It’s an early morning departure on the ForSea ferry, ‘Hamlet’. Up on deck, there’s a fine view of the entire Helsingoer harbour which, unlike most key Scottish ports, is fully owned by the local council.
The sea air is lovely, all the more enjoyable due to the distinct lack of diesel fumes on board. It’s also unusually quiet for a ship built in 1997. Forsea inform us it now meets the strictest emission standards, so there’s the explanation.
The ferry next to us has a large battery symbol just above its name. Being the curious type, I discover that this ferry, the ‘Tycho Brahe’, is even older than the Hamlet. The Tycho Brahe is from 1991, and yet has been converted to fully electric crossings. Locally owned ports, decades-old ferries running efficiently on electricity – is there something we’re not doing right in Scotland?
It takes just 25 minutes to cross to Helsingborg and arrive in another independent country. It’s only a short distance, but everyone here speaks another language, has a different cultural heritage, uses another currency, and the nation is still, unlike Denmark, a non-NATO member – though only just. And it has a border, heaven forbid we should forget that.

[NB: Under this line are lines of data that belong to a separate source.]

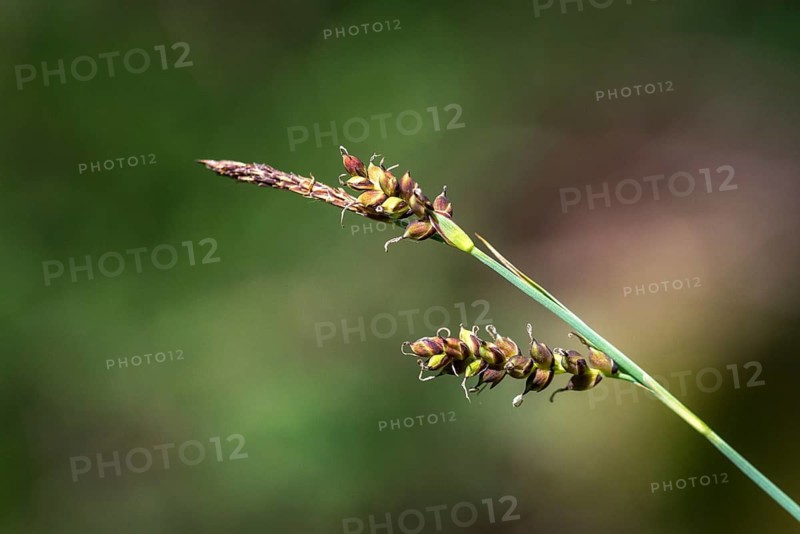 Cyperaceae, millet harrow, sour grass, carex panicea, carnation sedge, flora, plants, plants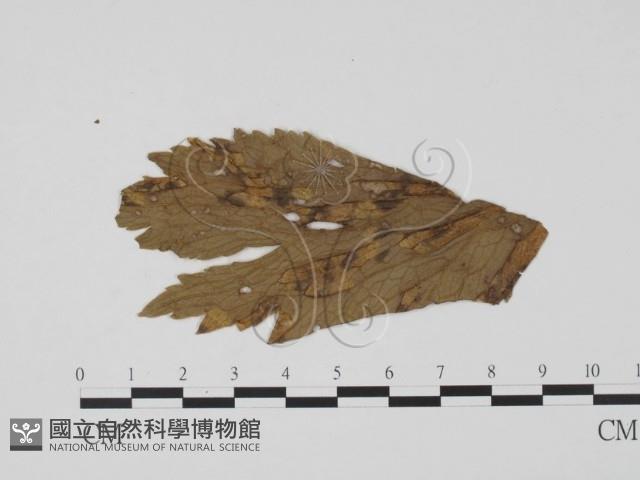 登錄號:F0011763藏品圖，第3張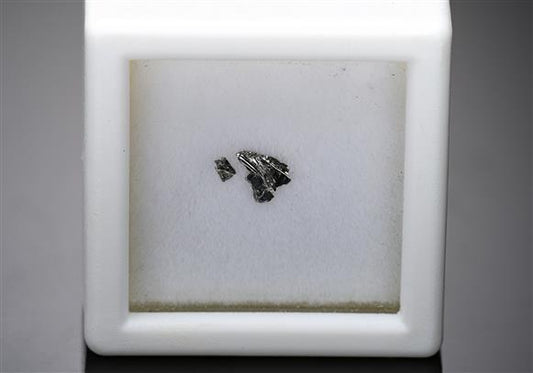 CC14528 specimen image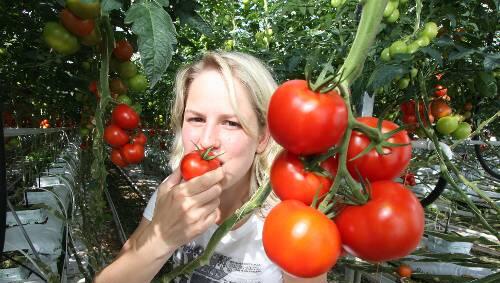 Hmmm, lecker, diese frischen Tomaten. Katharina Scherzer liebt ihr Gemüse. Hmmm, lecker, diese frischen Tomaten. Katharina Scherzer liebt ihr Gemüse.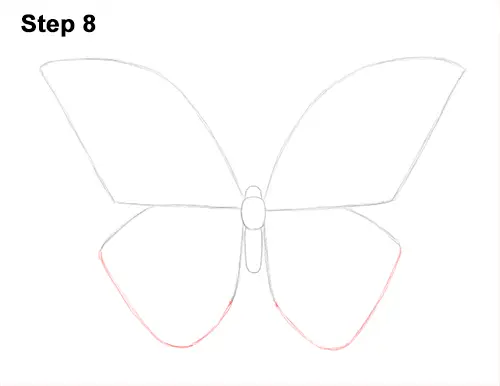 how-to-draw-a-butterfly-blue-morpho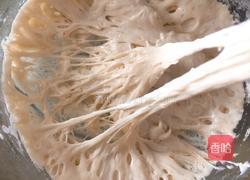 poolish（波兰种）汉堡胚的做法图解2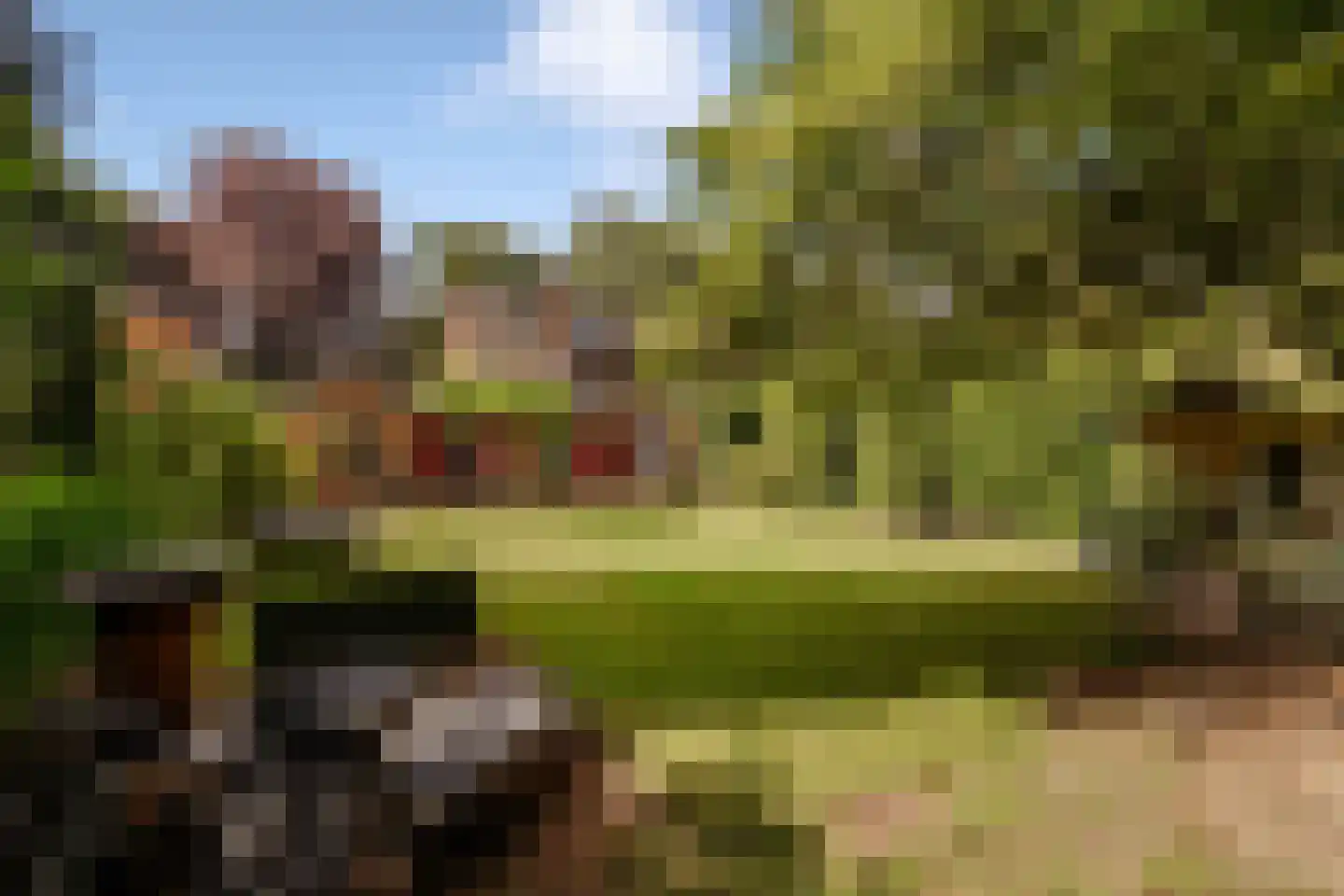 Nieuwe Bussummerweg 40 Huizen thumbnail 48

Only in Scotland is a border considered an obstacle to nationhood. Remarkably, I survive this national frontier, in spite of being Scottish, and the big sign says, ‘Välkomna till Sverige’.
I’m en route to interview a US solo sailor and adventurer – the popular Youtuber, Sam Holmes. Sam is getting ship-shape for the coming season in a small Swedish harbour in the scenic archipelago just north of Gothenburg.
The last time I met up with a blue water sailor was in the late 1990s. Back then, Denmark’s Svend Billesboelle had just published ‘Stormy II’, an account of his latest circumnavigation. A pensioner, who spent much of his autumn years at sea, Svend’s boats became progressively smaller as his funds ran low. His latest, and as it turned out, final round-the-world voyage, was in an 18-foot Lynaes, a small sailing boat that resembles an old-time lifeboat with a mast and enclosed cabin. If he’d been from and English-speaking nation Svend may have received international media recognition. But being Danish, and with his books never translated into English, he remained a local hero, and a slightly eccentric maritime vagabond. But I digress.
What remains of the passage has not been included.